There's no question when you ask Members to look back on their years
in the Foley House, they will relate to his ability to go into the well
and extemporaneously make remarks that actually moved votes, and, I
believe, probably on both sides of the aisle. He was also great in our
districts. For those of us who had him come by and speak to our
contributors and our supporters, it was always a positive experience. He
has wonderful rhetorical skills. I think back on all those stories that
I came to know almost so well that I could repeat them myself--the words
on Jefferson's tomb were the basis for one of my favorites. And Mike
Kirwan--a far more familiar figure with the American public today
because of Tom Foley's stories that you heard a version of earlier. This
was a man who could communicate in every sense of that term.
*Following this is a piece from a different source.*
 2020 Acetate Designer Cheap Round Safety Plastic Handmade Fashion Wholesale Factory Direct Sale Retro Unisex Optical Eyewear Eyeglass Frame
He was
someone whom I was proud to serve with, and I look back on that time
very fondly. Thank you.
Mr. BIGGS. We still have some time and would welcome questions.
Question. How important is it for Congress to be more assertive in
foreign and defense policy? That concern has come up in a couple of
different speakerships, and I think in today's climate it is an
appropriate question.
Speaker FOLEY. I think it's obviously important for the House and
the Speaker to have their voices heard on foreign policy. The President,
by some constitutional opinion, inherited the powers of George III to
make foreign policy and to command the military services as commander in
chief. But the power of the purse, the power to implement foreign
policy, which is essential today in any foreign policy undertaking,
requires the House and the Senate to be involved. I think the Speaker
must be involved in that. We talked earlier here today about Jim Wright
and the work that was done with the Reagan administration. Looking back,
for example, on Tip O'Neill's service--I was a whip when Tip was
Speaker--I never saw a case where President Reagan called and asked Tip
O'Neill to do something that Reagan thought was in the interest of the
country's foreign policy that Tip didn't agree to do it. But he would
also tell the President what he thought about various foreign policy
issues. He told him privately and told him candidly. But, on the other
hand, Tip felt very strongly that the Speaker should be supportive of
the President on those issues where he could conscientiously support him
in the interest of the foreign policy of the country.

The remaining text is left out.